SIPC Disappointment Down the Road for Madoff Investors

There is such a fundamental misunderstanding of SIPC in the investor community that it is sometimes frightening. SIPC is not a Congressional bailout for investors who lost money. It is not insurance. Its sole function is to protect investors if a brokerage firm goes out of business due to bankruptcy or other financial difficulties and customer assets are missing.

SIPC's role is to return the customer's cash and securities to them from the failed firm. That's all it is. SIPC will get you back your cash (up to $100,000) and will replace your missing securities (up to $500,000).

SIPC is NOT an insurance company, and it does NOT cover an investor's losses that were caused by fraud on the part of the broker dealer.

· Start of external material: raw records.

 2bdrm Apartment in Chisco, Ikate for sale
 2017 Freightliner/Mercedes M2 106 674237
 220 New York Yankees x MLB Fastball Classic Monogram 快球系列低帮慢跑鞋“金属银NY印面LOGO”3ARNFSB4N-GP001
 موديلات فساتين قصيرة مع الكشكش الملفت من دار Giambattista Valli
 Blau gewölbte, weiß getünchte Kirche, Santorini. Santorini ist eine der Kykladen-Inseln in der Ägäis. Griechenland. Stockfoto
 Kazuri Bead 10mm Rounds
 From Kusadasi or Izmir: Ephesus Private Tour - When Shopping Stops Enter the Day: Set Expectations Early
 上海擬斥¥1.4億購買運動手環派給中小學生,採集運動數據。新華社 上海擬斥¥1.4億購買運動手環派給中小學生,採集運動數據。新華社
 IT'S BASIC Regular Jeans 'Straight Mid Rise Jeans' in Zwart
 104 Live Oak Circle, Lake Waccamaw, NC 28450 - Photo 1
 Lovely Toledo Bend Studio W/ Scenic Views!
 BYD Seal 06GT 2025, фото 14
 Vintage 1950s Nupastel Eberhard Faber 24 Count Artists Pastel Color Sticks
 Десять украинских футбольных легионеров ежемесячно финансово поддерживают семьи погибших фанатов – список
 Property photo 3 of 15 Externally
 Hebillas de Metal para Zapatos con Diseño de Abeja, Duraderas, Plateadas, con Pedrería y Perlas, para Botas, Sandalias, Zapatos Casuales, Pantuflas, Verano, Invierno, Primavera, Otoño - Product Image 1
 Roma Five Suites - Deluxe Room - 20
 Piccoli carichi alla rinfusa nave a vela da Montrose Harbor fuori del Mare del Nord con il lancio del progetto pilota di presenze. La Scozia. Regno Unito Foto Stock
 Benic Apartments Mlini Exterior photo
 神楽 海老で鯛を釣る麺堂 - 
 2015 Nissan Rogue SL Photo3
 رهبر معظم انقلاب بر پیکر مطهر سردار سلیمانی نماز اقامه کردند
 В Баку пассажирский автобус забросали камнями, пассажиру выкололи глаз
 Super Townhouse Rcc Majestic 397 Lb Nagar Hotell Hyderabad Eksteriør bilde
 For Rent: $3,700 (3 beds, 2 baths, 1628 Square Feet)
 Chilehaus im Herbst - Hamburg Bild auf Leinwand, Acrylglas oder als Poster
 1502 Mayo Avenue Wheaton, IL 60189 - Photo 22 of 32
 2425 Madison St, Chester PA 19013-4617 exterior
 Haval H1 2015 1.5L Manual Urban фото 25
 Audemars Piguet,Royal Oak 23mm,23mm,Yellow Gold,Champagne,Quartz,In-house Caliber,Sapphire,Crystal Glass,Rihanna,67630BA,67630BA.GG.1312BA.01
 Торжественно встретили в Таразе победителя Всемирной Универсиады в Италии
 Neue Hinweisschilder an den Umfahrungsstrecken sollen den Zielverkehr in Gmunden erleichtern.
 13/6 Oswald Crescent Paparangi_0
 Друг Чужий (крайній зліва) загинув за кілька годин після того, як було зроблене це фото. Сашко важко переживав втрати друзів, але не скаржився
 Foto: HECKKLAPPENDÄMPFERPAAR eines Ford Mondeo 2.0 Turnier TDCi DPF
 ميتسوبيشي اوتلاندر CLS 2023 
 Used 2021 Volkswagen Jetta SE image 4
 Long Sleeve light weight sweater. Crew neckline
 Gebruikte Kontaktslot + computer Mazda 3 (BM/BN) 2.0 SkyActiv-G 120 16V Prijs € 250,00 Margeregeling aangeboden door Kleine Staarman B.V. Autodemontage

And that leaves Madoff's investors in the lurch. There will be some interesting twists in this case, but on its face, this is a fraud, not a failed brokerage firm. While SIPC will make sure that the assets that were in the accounts are returned to the investors, the problem is obvious - the firm's statements are undoubtedly fraudulent, and there were no assets in those accounts. It remains to be seen what SIPC will do in that situation.

And, it will be amazing, despite recent press reports, if Judge Stanton opens the SIPC case to investors in the feeder funds. The simple fact is that Judge Stanton cannot do that. It would take, literally, an Act of Congress to expand SIPC in that manner, and for Madoff investors in feeder funds, that is not going to happen.

However, investors in feeder funds do have another alternative - they can sue the feeder funds. Those funds are not bankrupt, and they should have insurance to cover negligence. At the same time, some of those investment agreements attempt to exclude negligence, so feeder fund investors have to be careful, and each claim has to be examined carefully.

There are a lot of law firms out there looking to represent Madoff direct and indirect investors. Ask questions, ask for their background, ask for their experience in securities fraud cases, in ponzi scheme cases, in dealing with brokerage firm issues, and SIPC cases.